'''

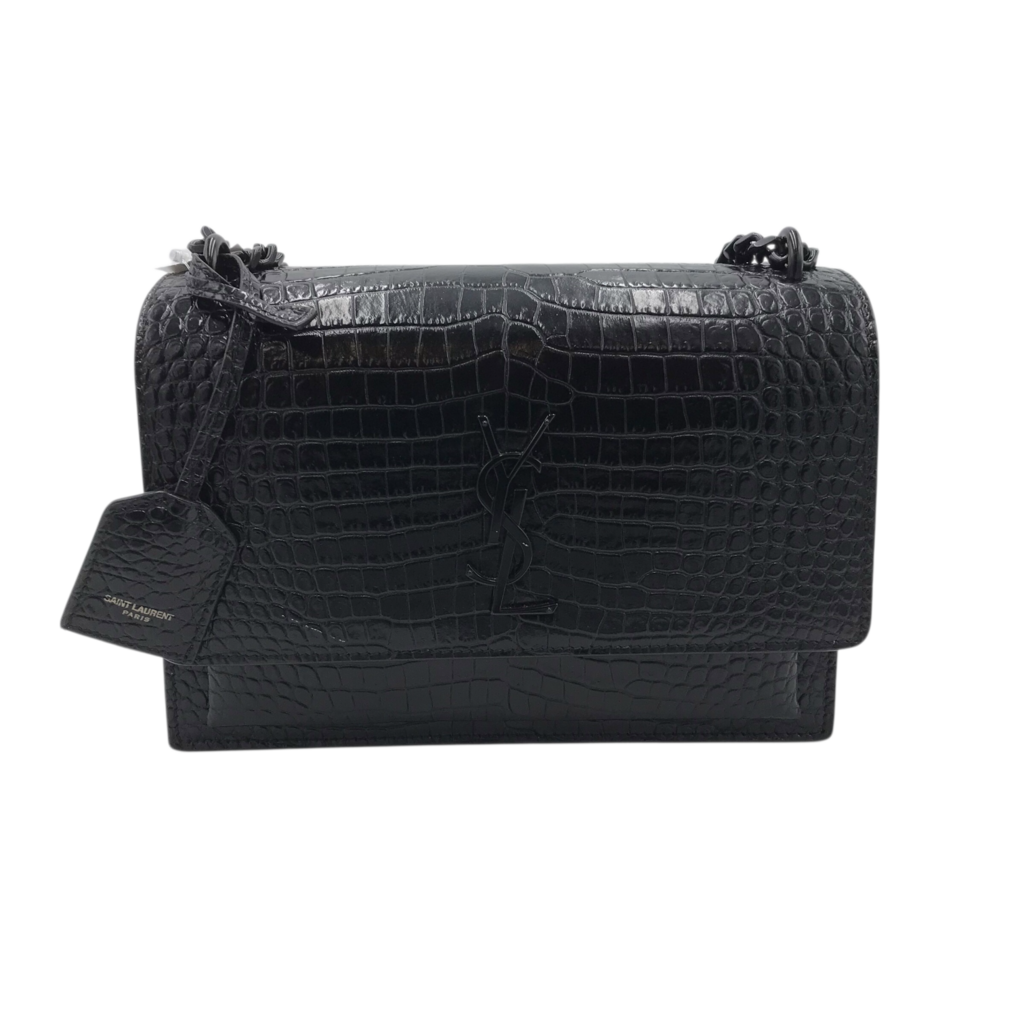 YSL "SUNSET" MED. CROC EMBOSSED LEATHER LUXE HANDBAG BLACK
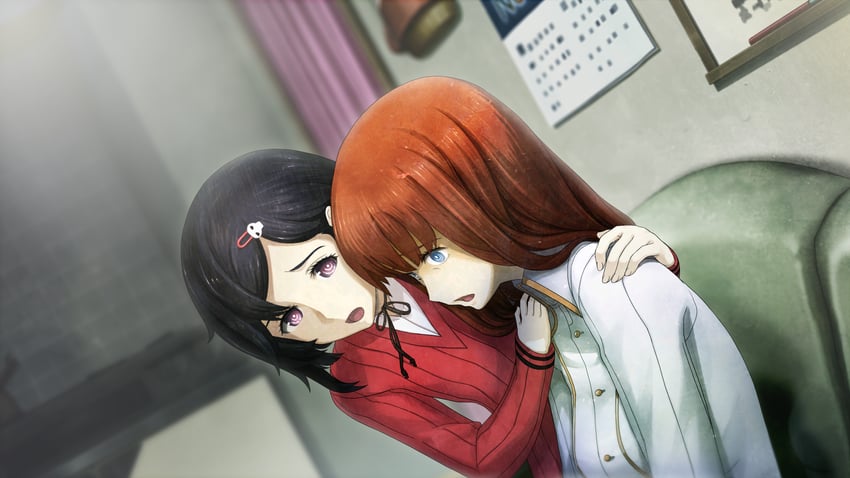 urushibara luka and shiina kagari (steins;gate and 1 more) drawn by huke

'''
'''

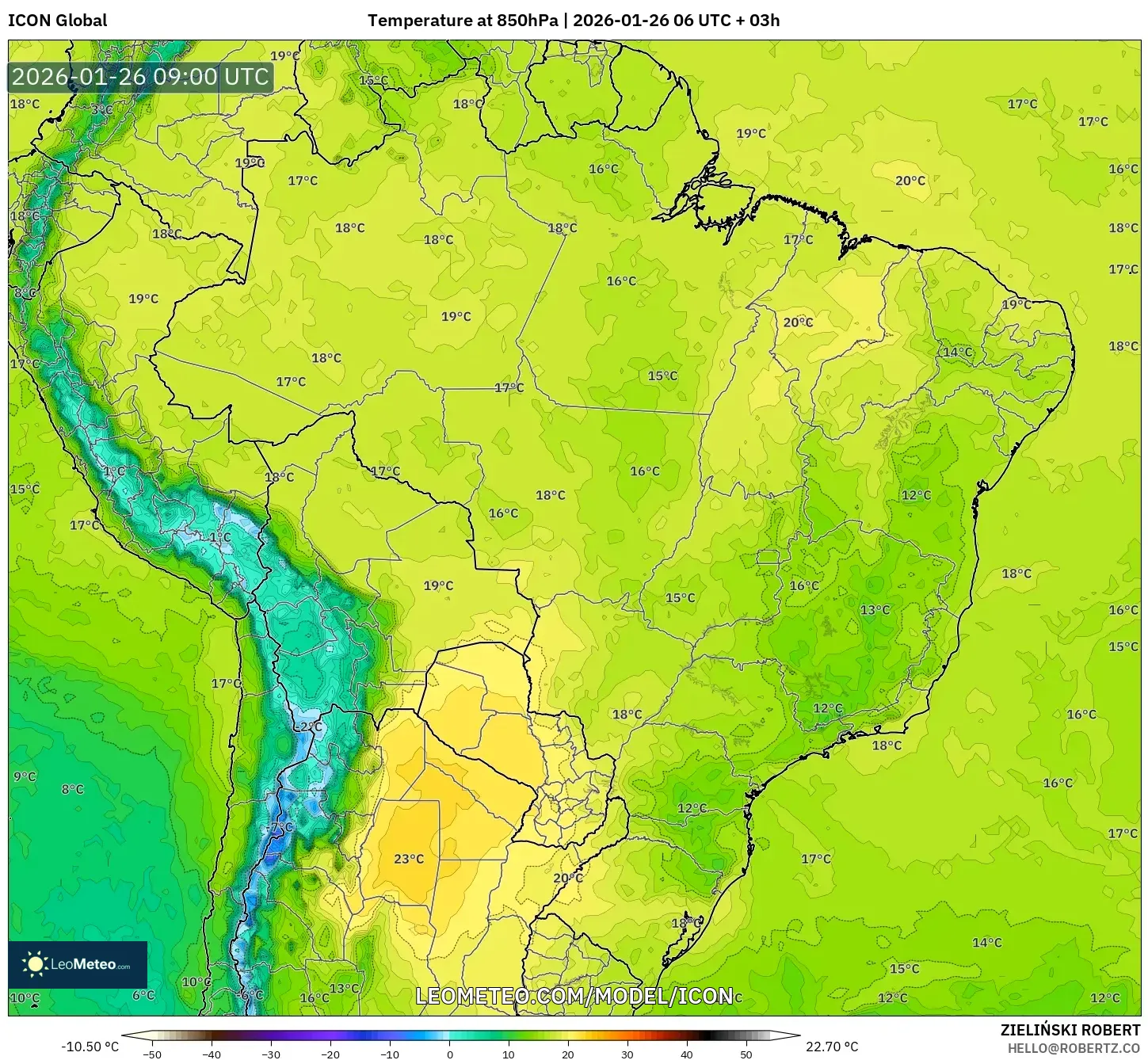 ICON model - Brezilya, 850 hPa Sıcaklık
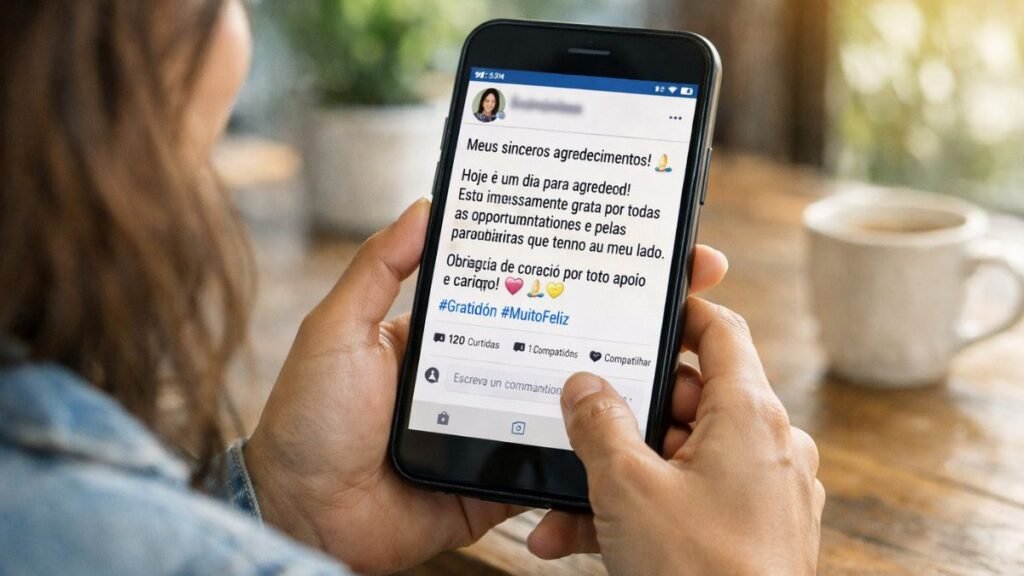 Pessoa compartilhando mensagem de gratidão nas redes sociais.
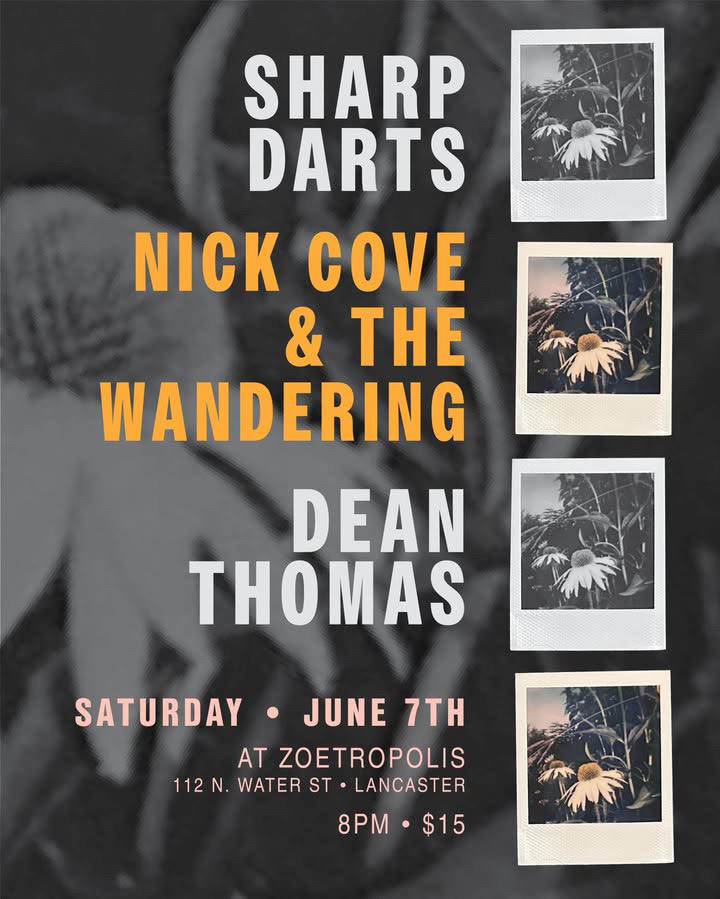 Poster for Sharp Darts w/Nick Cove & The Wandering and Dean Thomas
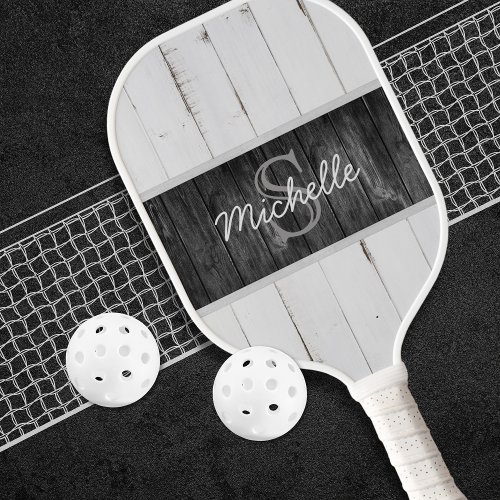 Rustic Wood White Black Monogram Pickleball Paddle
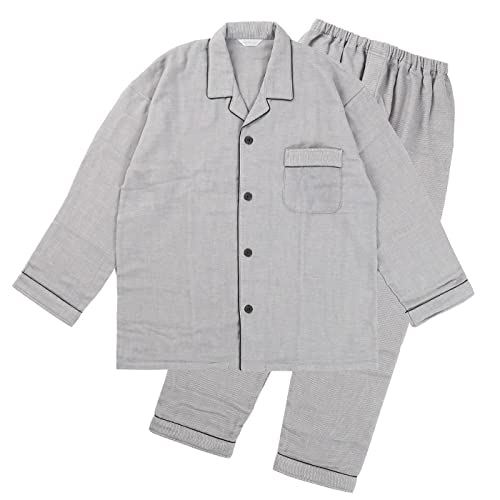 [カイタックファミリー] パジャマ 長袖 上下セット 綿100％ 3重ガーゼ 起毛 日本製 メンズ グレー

'''

WHAT NEEDS TO BE DONE: For this exercise, return exactly the lines above from the line with "Poster for Sharp" through the line with "[カイタックファミリー] パジャマ 長袖", both included. Do not copy the pictures.

WRITTEN SOLUTION:
 Poster for Sharp Darts w/Nick Cove & The Wandering and Dean Thomas
 Rustic Wood White Black Monogram Pickleball Paddle
 [カイタックファミリー] パジャマ 長袖 上下セット 綿100％ 3重ガーゼ 起毛 日本製 メンズ グレー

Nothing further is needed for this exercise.